OPERATIONAL RISKS MEASUREMENT – CASE STUDY

Operational risks measurement

Several years ago all risks not complying with the definition of market or credit risks were included amongst operational risks. This vague and strictly speaking, negative definition was completely unable to correct and efficiently manage the operational risks. The ground of a risk measurement is to understand the risks’ nature, potential sources and possible consequences, and this is something that cannot be done without clear and precise definition.

BASEL II (International Convergence of Capital Measurement and Capital Standards) defines operational risk as “a risk of loss resulting from inadequate or failed internal processes, people and systems or from external events”. This risk management standard is intended for banks and other financial institutions, where the term “operational” risk is well known and already settled.

In other (non-banking) organizations operational risk is often linked to information systems and thus by “operational risk” is usually understood as a risk primarily related to system operation. Its measurement is therefore closely related to assessing risks of the information systems and with the quality and level of information systems security.

To understand the issue of operational risk measurement, the above given definitions and terms are of great help, however, as it is the case of other similar definitions, they leave too much space for discussion on the topic of “what risk measurement is really about”. Any of these discussions should be, rather than on the precise definition, aimed towards the fundamental goals and objectives of measurement. What should measurement bring to an organization and how can measurement contribute to the increase of security, these are the essential questions to be asked, answers to them will eventually lead to the definition of “risk measurement” relevant to the specific environment of the firm or organization. To understand the essence of risks, measurement should quantify relevant data regardless of the definition of “risk measurement” we use, or whether we call these risks operational or something else. Operational risk measurement can therefore be divided into two fundamental processes:

  • Measuring operational risk value;
  • Measuring the level of operational risk treatment.

The objective of both measurements is to quantify a predetermined value, which represents the risk level, the extent of risk reduction or the number (or percentage) of accepted risk. In an ideal risk management environment the benefits of operational risk measurement should also be included in the process. The possibility to quantify the effectiveness of implemented security controls and/or the increase of security level should be in the portfolio of all risk managers.
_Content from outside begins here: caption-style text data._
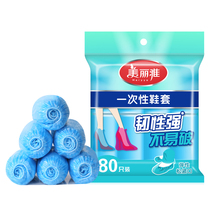 Meiya disposable shoe covers 80 pack
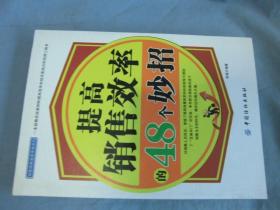 提高销售效率的48个妙招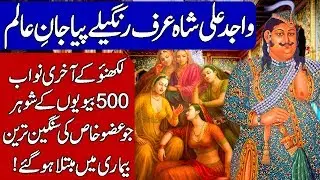 History of Nawab Wajid Ali Shah (Rangeelay Piya Jaan e Alam). Hindi & Urdu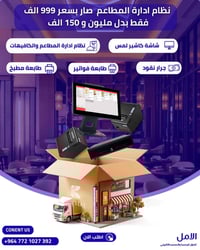 انتباه 📍  نقدم لكم نظام ادارة المطاعم والكافيهات  خلي شغلك ماشي صح ✅  ...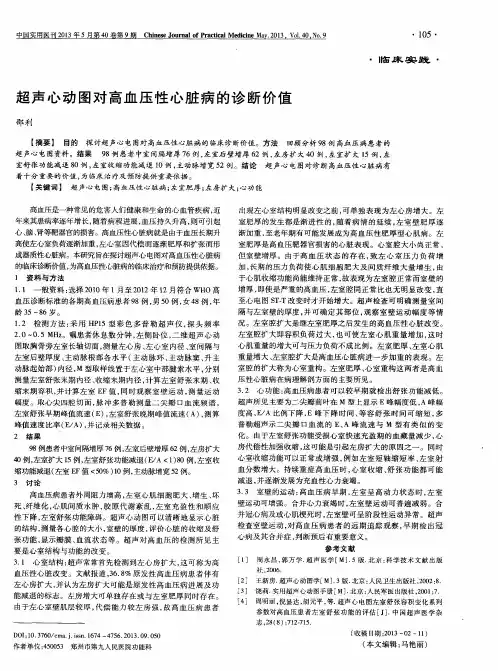 超声心动图对高血压性心脏病的诊断价值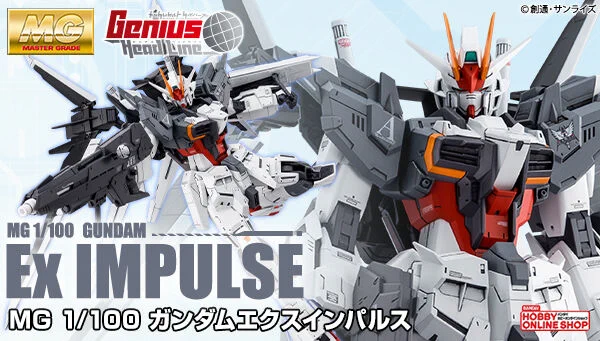 BANDAI HOBBY公式（BANDAI SPIRITS） on X: 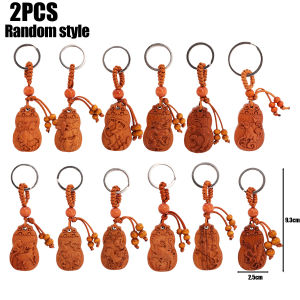 🔥ร้อน🔥3D แกะสลักคุณภาพสูงพวงกุญแจราศี12ชิ้นงูงูโชคดีมังกรเสืออุปกรณ์เสริมรถยนต์พวงกุญแจห้อยกระเป๋า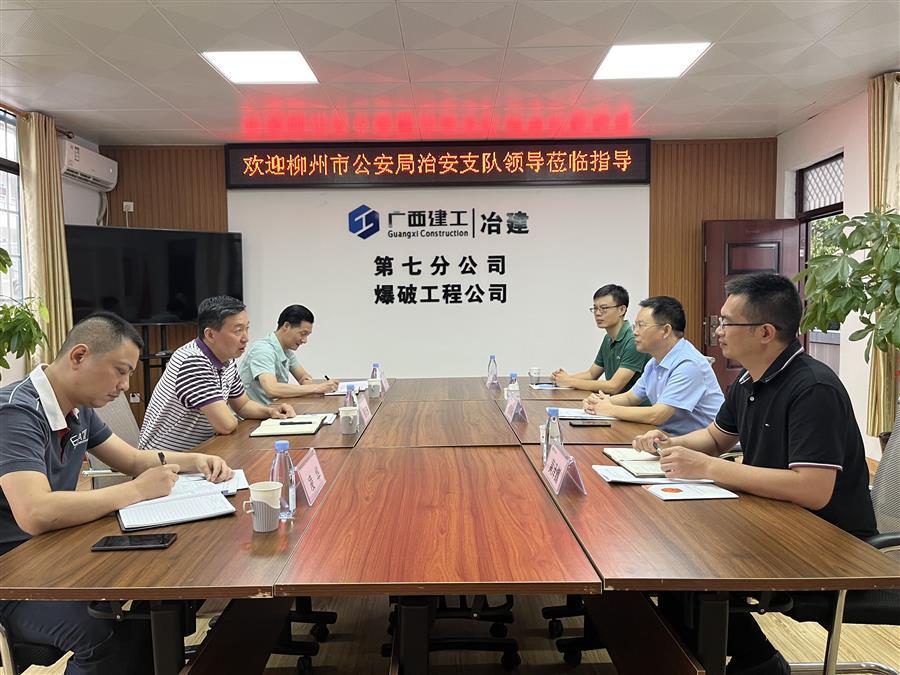 尊龙凯时人生就是搏 -官网首页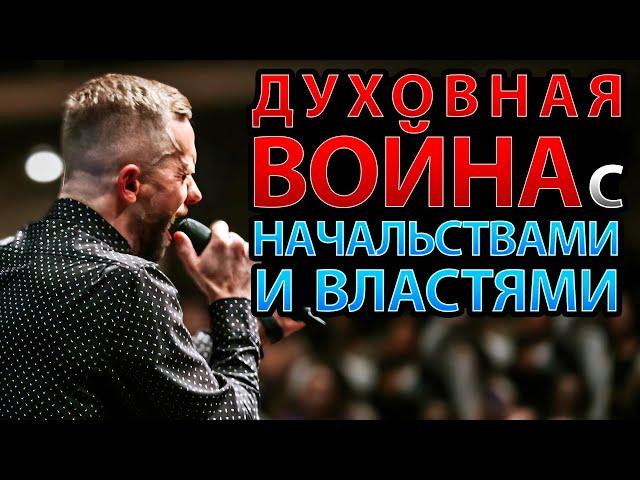 Как правильно вести духовную войну с начальствами и властями?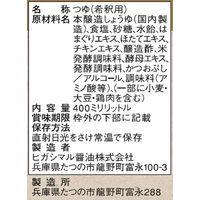 ヒガシマル醤油 蛤と帆立白だし 400ml 3本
However measuring the benefits of operational risk treatment is not an easy task, furthermore current tools and methods used are restricted to simple Excel tables.

Case Study

According to the internal control Act No. 12/2004 every Slovakian bank shall perform periodic reviews of operational risks related to information technologies. It is an analogy of the Czech national bank internal control Act No. 2 of February 3, 2004, on the internal control system of a bank, as amended by subsequent provisions, and partly of the Regulation N. 123/2007 of the Act No. 256/2004 which is practically an implementation of BASEL II.
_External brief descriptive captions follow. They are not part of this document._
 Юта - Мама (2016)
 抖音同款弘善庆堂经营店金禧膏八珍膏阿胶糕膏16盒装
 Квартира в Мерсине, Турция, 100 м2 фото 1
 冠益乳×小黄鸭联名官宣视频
While risk analysis comprised an important part of the project, the main objective was to establish and implement a process of operational risk measurement in the Slovak bank. The risk management process had to be in compliance with the Act No. 12/2004 mentioned above. The executed risk analysis was the first step that helped to estimate the current risk levels. The process also included adaptation of a proven methodology and establishment of repeatable steps to manage operational risks. Implementation of comprehensible and transparent metrics to measure operational risk values and the level of their treatment was a self-evident part of the job.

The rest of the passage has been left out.